D’Alema non ha condiviso l’analisi di Stefania Craxi secondo la quale Psi e Pd presentano molte analogie, mentre ha concordato sulla cortina di silenzio che la sinistra italiana ha fatto scendere su Craxi. «L’accostamento non mi pare convincente se non per il caos correntizio», ha scherzato l’ex premier, «il Psi era una forza del 9% mentre il Pd, che pure ha mille problemi, ha una collocazione diversa». Certo il Partito democratico dovrebbe essere la grande forza riformista europea che finora è mancata all’Italia, ha spiegato, senza dimenticare come il difficile rapporto tra comunisti e socialisti abbia impedito al nostro Paese di avere un grande partito socialdemocratico come negli altri paesi europei. «L’assenza di una grande forza riformista europea è il problema che ereditiamo dalla lunga e travagliata storia dei rapporti tra socialisti e comunisti», ha ricordato il presidente della Fondazione Italiani Europei, «abbiamo dovuto sostituirlo con delle protesi inventando l’Ulivo e poi l’Unione, soluzioni determinate dalla storia, pure gloriosa, ma irrisolta della sinistra italiana». «Io del resto», ha ironizzato, «faccio parte della presidenza del Pse ma non faccio parte dei dirigenti del Pd e questo dà l’idea della complessità della nostra vicenda».
Sul tema caldo del momento, il presidenzialismo, appunto, D’Alema ha un altro punto di vista: «L’elezione diretta del presidente della Repubblica significa un sistema dove non c’è più l’arbitro.
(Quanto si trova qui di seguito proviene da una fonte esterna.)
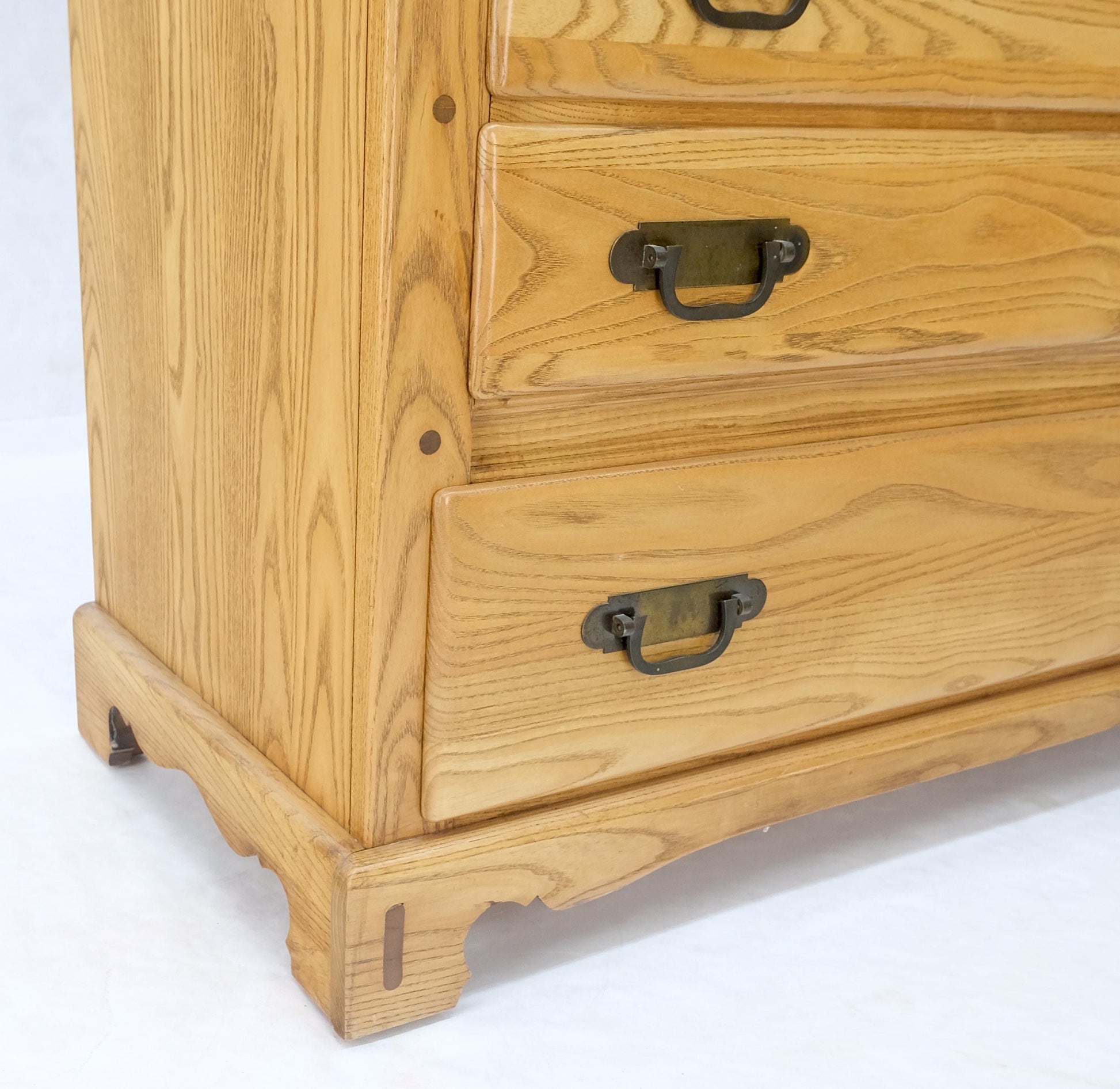Solid Chestnut 8 Drawers High Chest Dresser Phenomenal Craftsmanship MINT!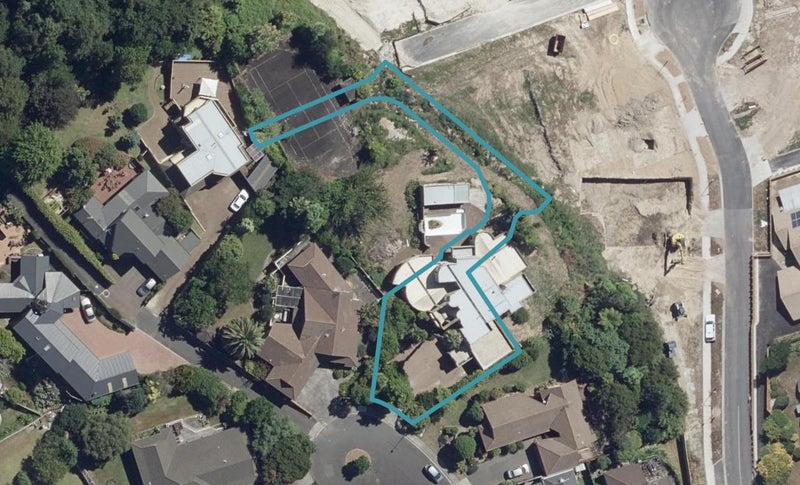 2/6 Landell Place, Harrowfield, Hamilton - Carousel 1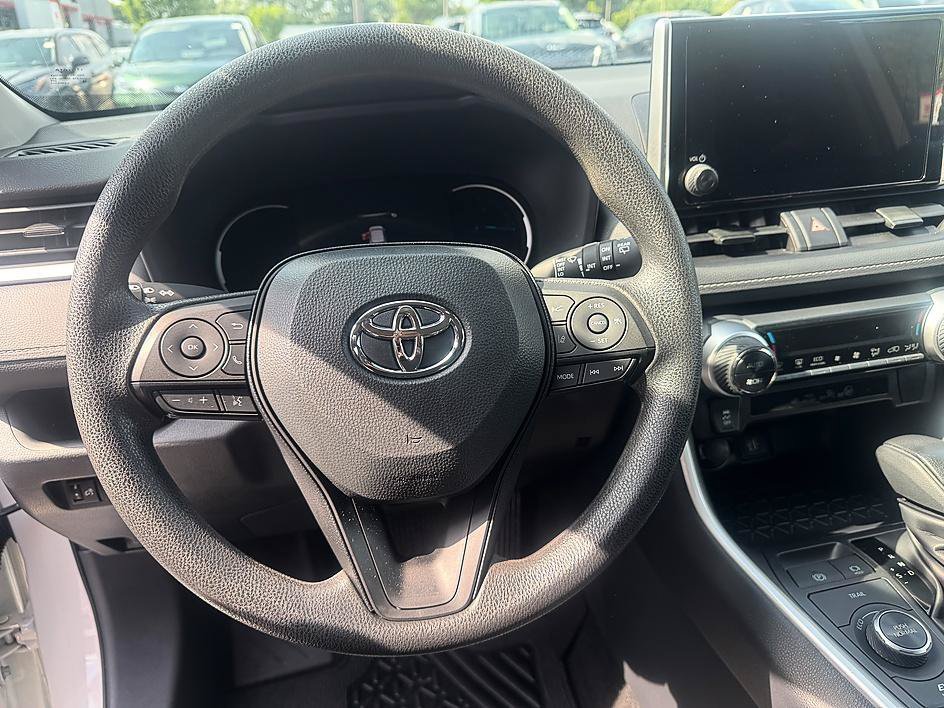 Certified Used 2025 Ice Toyota Hybrid XLE image 12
L’Italia non è la Francia. In Italia un arbitro super partes è essenziale per l’equilibrio democratico». E Amato ha avvertito: «La riforma istituzionale non può dare quello che non sa dare la politica. Una politica che non sa interpretare la società non diventa migliore se messa in una forma istituzionale più robusta. Si tratta solo di una protesi».